Speaking of Piper though, how amazing was that Piper's Pit segment?! What a rub for Bryan and AJ, especially AJ. Say what you want about the Wrestlemania debacle, but if sharing the ring, cutting a promo with and slapping _Rowdy Roddy Piper_ equals a buried talent, I'd love to see what the opposite is. Daniel is a delicious heel and has a brighter future than most, Del Rio included. I'm an AJ fan to begin with, but she's really been growing on me more and more as of late. She is so great, even if she dresses like a fourteen year old All Time Low fan.
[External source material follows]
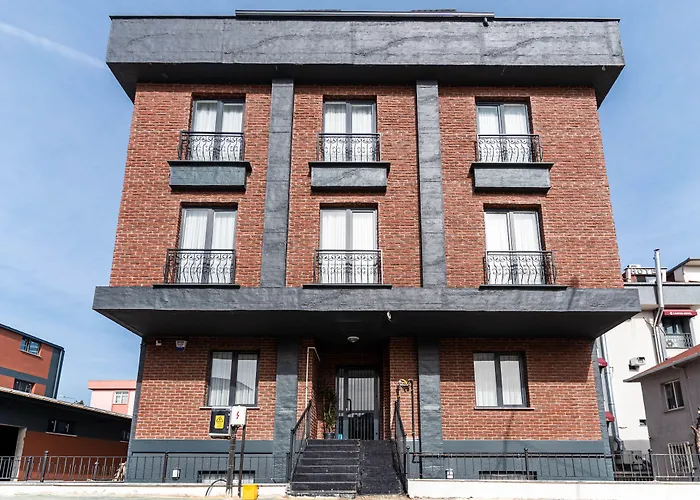 アパートホテル Lux In Center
I'm genuinely happy for her too. She's probably one of the biggest hardcore wrestling fans on the roster, I can't even imagine how psyched she must have been to work with Piper. Same goes for D-Bry. Amazing segment, amazing angle, just amazing all round. I hope all of this leads to something big for them. Extreme Rules should be interesting.


----------



## -Extra- (Apr 5, 2010)

It was a fun SD last night, better than last weeks. It had a house show vibe with faces going over all over the card but nonetheless it was a good episode.


----------



## DCalXIbe (Apr 11, 2012)

The show was okey, especially if you compare it to a regular smackdown show. Piper was good, and Daniel Bryan is getting better and better. But there were several hopeless moments, like the one minute clusterfuck of a mixed tag match, and Hunico and Camacho getting their asses kicked in, what 20 seconds. But i also have to give to Mean Gene, man his facial expression walking with sheamus to the match was funny.


----------



## Andy362 (Feb 20, 2006)

Super Smackdown, that was not.

They just never seem like they're putting in any effort with SD. Piper's Pit was the best part of the show, though even one it wasn't on the level of the last few he's had. Glad they're doing the Sheamus rematch vs Bryan at Extreme Rules and hopefully this time they put on the sort of match I was looking forward to at Mania. Other than that, the only part of the show that was really worth watching was Kane's attack on Cowboy Bob and his hillariously cheesy one liners.


----------



## MarkOut4Barrett (Oct 13, 2011)

This was probably the worst wrestling event I have seen in years and im not exaggerating either. From the 1st segment to the very last it was truely horrendous.


----------



## Mr Premium (Nov 15, 2011)

LOL. Thank God this stupid YES! fad has finally died down.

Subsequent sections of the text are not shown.